= Johnette Gordon-Weaver =

American historian

Johnette Gordon-Weaver is an American historian, genealogist, and activist. She is active in the restoration and historical preservation of black history in Williamsburg, Virginia. In October 2023, she became the first African American woman to join the Williamsburg Chapter of the Daughters of the American Revolution, one of the society's oldest and largest chapters. She is also the co-founder of Williamsburg History.

== Career ==
Gordon-Weaver is a media consultant for Williamsburg Action, an organization formed after the Murder of George Floyd that is focused on racial justice and equality in Williamsburg.

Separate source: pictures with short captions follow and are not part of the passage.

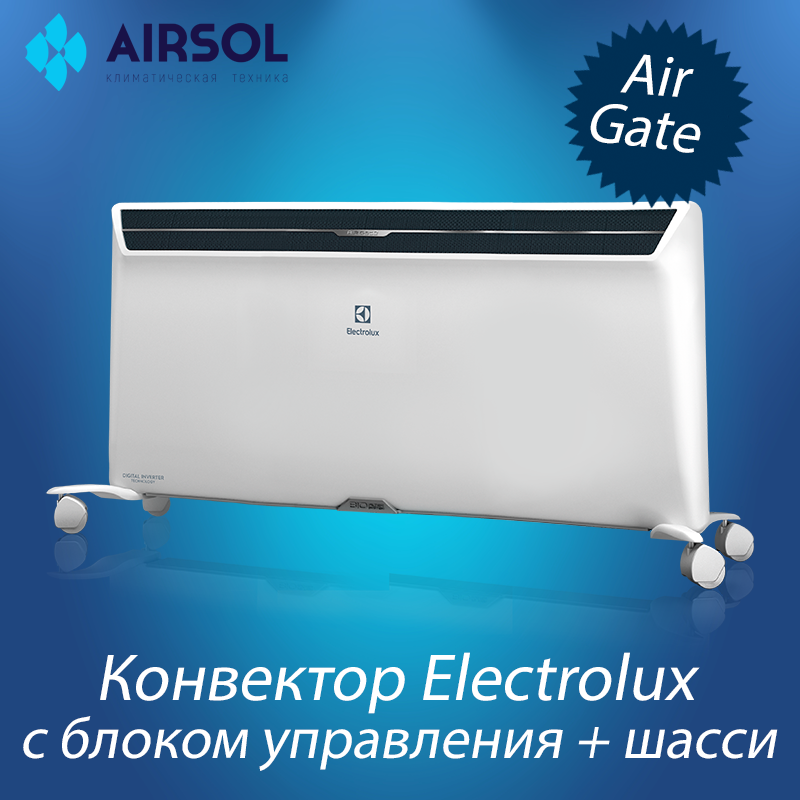 Конвектор Electrolux ECH/AGI-3000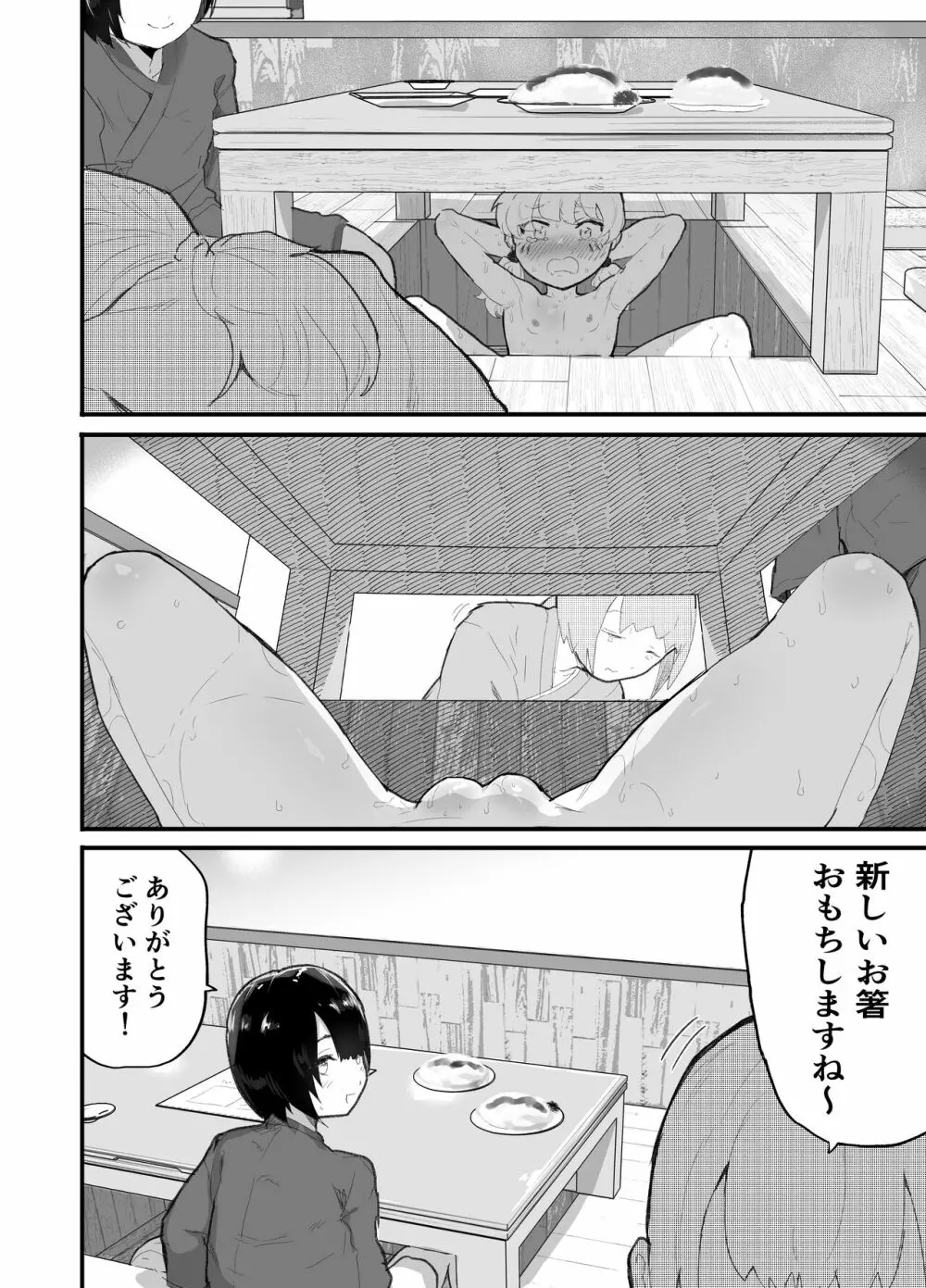 可愛いショタにはまんこをつけよ!3～おっぱい見せて外伝～スーパー銭湯編 Page.85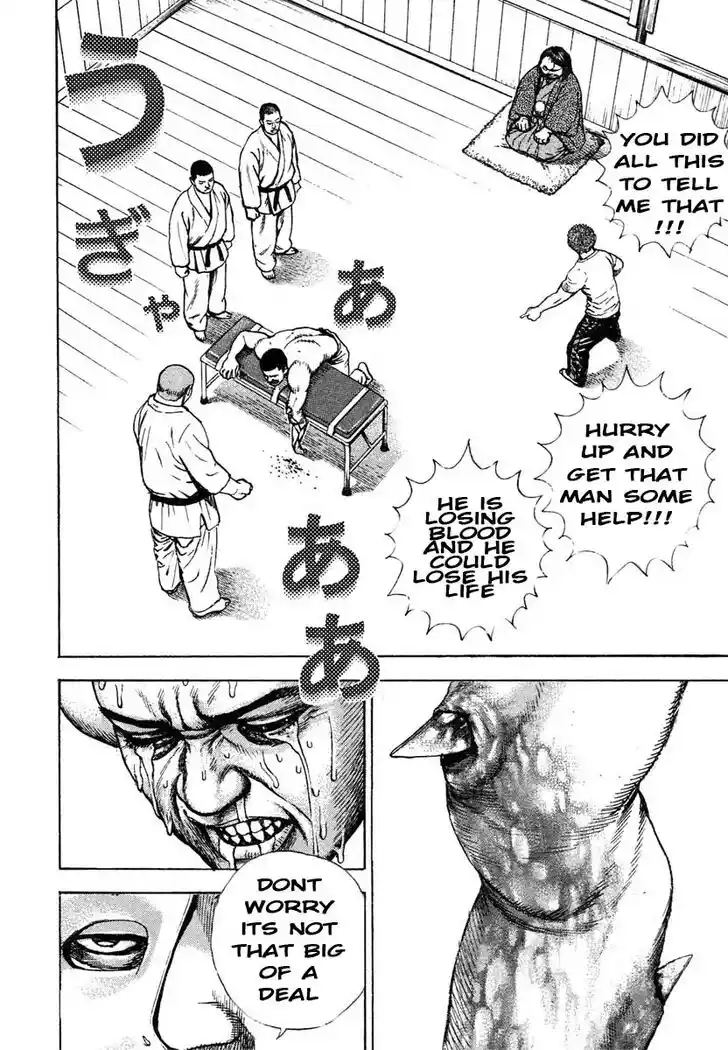 Tough Gaiden - Ryuu o Tsugu Otoko Vol.28 Ch.295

She participated in the city's George Floyd protest.

She is active in Reservation, the Village Initiative, and other organizations and projects that restore and preserve African-American history in Williamsburg. She serves on some of the organization's advisory boards. Gordon-Weaver wrote an essay that was included in a history book published by College of William & Mary's Bray School Lab. She is also an oral historian.

In 2021, she served as a narrator at a Black History Month service at Triangle Block, a historically black business area in Williamsburg.

She spoke at Williambsurg's fourth annual National Day of Racial Healing.

== Personal life ==
Gordon-Weaver is the daughter of Myrtle Gordon. She is the sixth-great-granddaughter of Anthony Roberts, a freedman who served as a waggoner in the 1st Virginia Regiment during the American Revolutionary War. She is a descendent of students at the Williamsburg Bray School, a school for free and enslaved black children in Williamsburg, Virginia.

In October 2023, she became the first woman of color to join the Williamsburg Chapter of the Daughters of the American Revolution, one of the society's oldest and largest chapters. Her patriot ancestor, Roberts, is the first free African-American patriot recognized by the organization at the national level.

She is Baptist and is a member of First Baptist Church.